Remaining resilient in a shrinking economy

Welcome to our round up of the latest business news for our clients. Please contact us if you want to talk about how these updates affect your business. We are here to support you!

Remaining resilient in a shrinking economy

Despite a small growth in the economy in November of 0.1%, the UK has been struggling under the weight of high inflation and rising borrowing costs. Most economists are predicting a contraction in the economy in the next six months. Conditions are likely to remain challenging for businesses and individuals alike, so now is a good time to focus on resilience.

Resilience is the process of adapting well in the face of adversity, trauma, tragedy, threats, or significant sources of stress — such as business, workplace, and financial stressors. It means "bouncing back" from difficult experiences.

So what actions can you take now to remain resilient to any downturn in the economy?

Here are a few suggestions to help you think about your business:  

  • Review your Budgets and set realistic and achievable targets for 2023/24.
  • Be careful with ‘can’t pay’ customers and get rid of ‘won’t pay’ customers.
  • Review your debtors list and chase up overdue invoices (if appropriate).
  • Offer existing debtors extended payment terms and/or discounts (if applicable).
  • Make sure your terms of business contain explicit payment terms.
  • Assign responsibility to one individual for invoicing and collections.
  • Agree extended payment terms with all suppliers in advance (if applicable).
  • If appropriate, review banking facilities and discuss future needs.
  • Put extra effort into making sure your relationships with your better customers are solid.
  • Review and flow-chart the main processes in your business (e.g. Sales processing, order fulfilment, shipping etc) and challenge the need for each step.
  • Encourage team members to suggest ways to streamline and simplify processes (e.g. sit down and brainstorm about efficiencies and cost reduction).
  • Review your staffing needs over the next few months. 
  • Review your list of products and services and eliminate those that are unprofitable or not core products/services.

Establish your key performance indicators (KPI’s) and measure them on a weekly basis, e.g.:

•           Sales Leads generated,

•           Orders supplied/fulfilled,

•           Cash balance,

•           Stock Turnover,

•           Debtor Days,

•           Gross Profit, and

•           Net Profit.

The good news!

The important thing to remember is that the vast majority of people will not lose jobs, the majority of businesses won’t fail and, eventually, we’ll recover. (NatWest Bank, Key economic predictions for 2023).

Talk to us about your business; we have many clients who have changed the way they do things and some really innovative stories to share with you! 

Statutory Pay Rates from April 2023

The UK Government has published the proposed statutory rates for maternity pay, paternity pay, shared parental pay, adoption pay, parental bereavement pay, and sick pay from April 2023. 
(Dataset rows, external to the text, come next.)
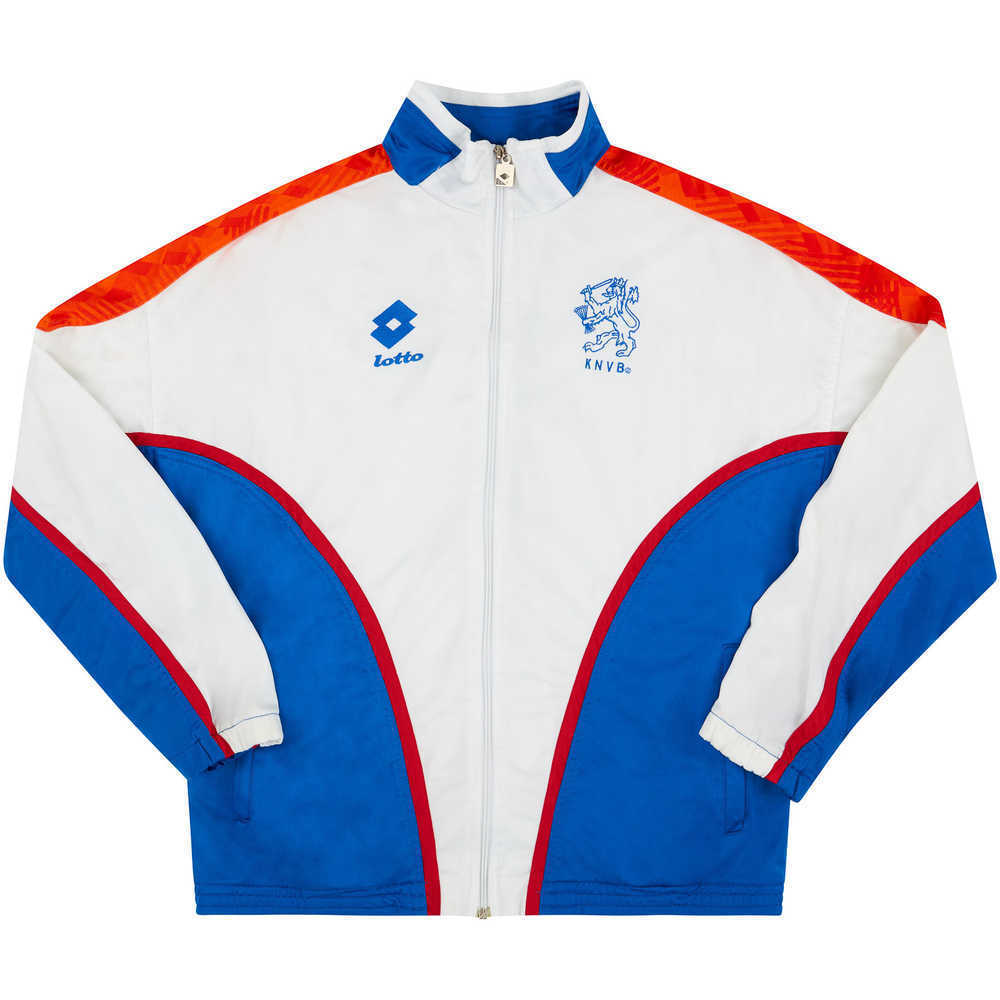 1994 Holland Lotto Shell Jacket (Excellent) XL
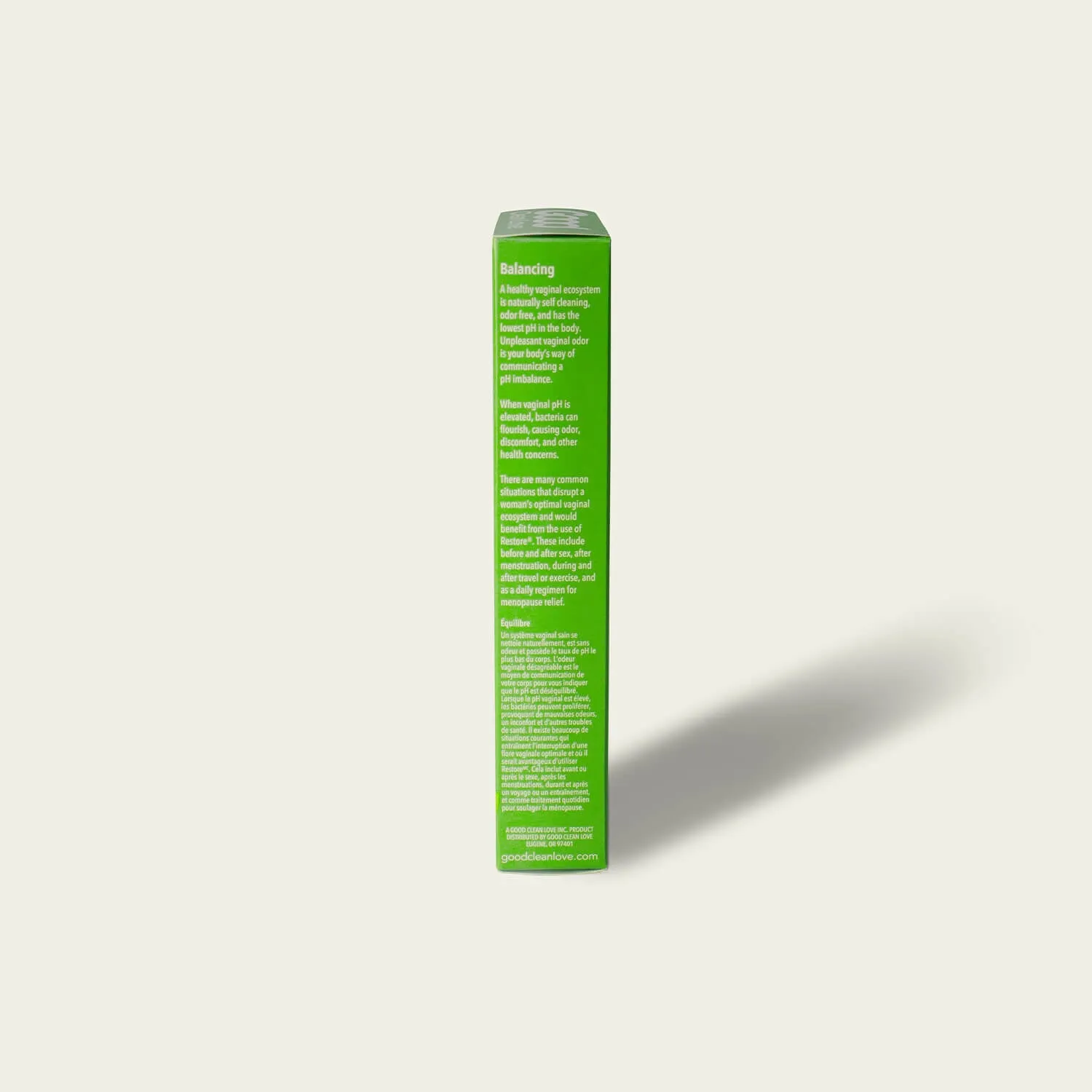 Restore® Moisturizing Vaginal Gel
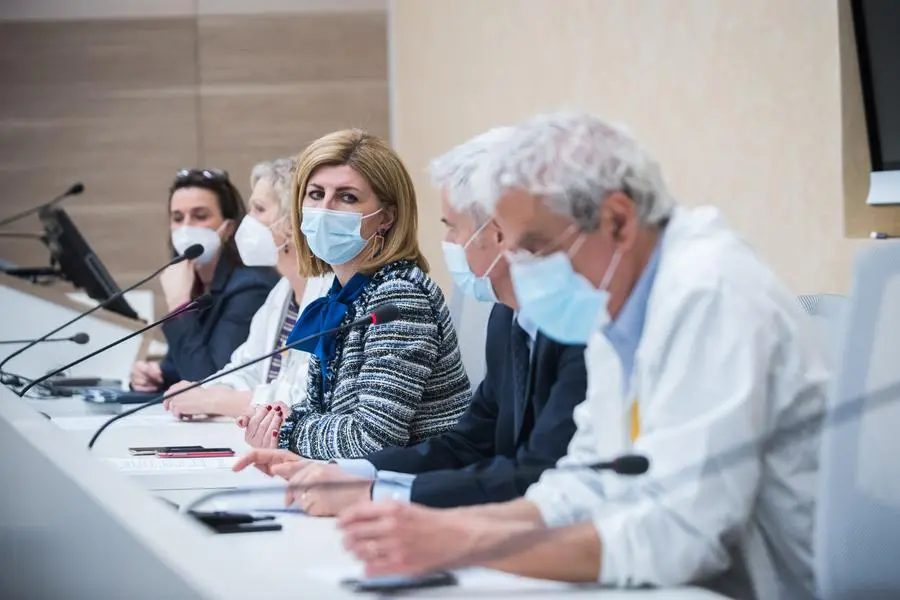 Photo Marika Puicher / LaPresse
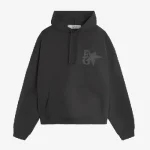A New Star Hoodie Dark Grey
The rates normally increase each April in line with the consumer price index (CPI) and the increase normally occurs on the first Sunday in April, which in 2023 is 2 April.

See: Benefit and pension rates 2023 to 2024 - GOV.UK (www.gov.uk)

Research & Development (R&D) Tax Relief Reform Consultation Launched

The UK Government has launched a consultation to simplify the UK’s R&D tax relief system.

The 8-week consultation, which runs from 13 January to 13 March 2023, sets out proposals on how a single scheme could be designed and implemented. This would replace the two R&D tax relief schemes currently in place - the Research and Development Expenditure Credit (RDEC) and the small and medium enterprises (SME) R&D relief.

A scheme modelled on the current RDEC for SMEs would also give decision makers in smaller companies clearer information, which will help them set budgets for R&D. In contrast, for those claiming SME tax relief in the current setup, the exact amount of money their firm will receive can only be known with certainty at the end of accounting period.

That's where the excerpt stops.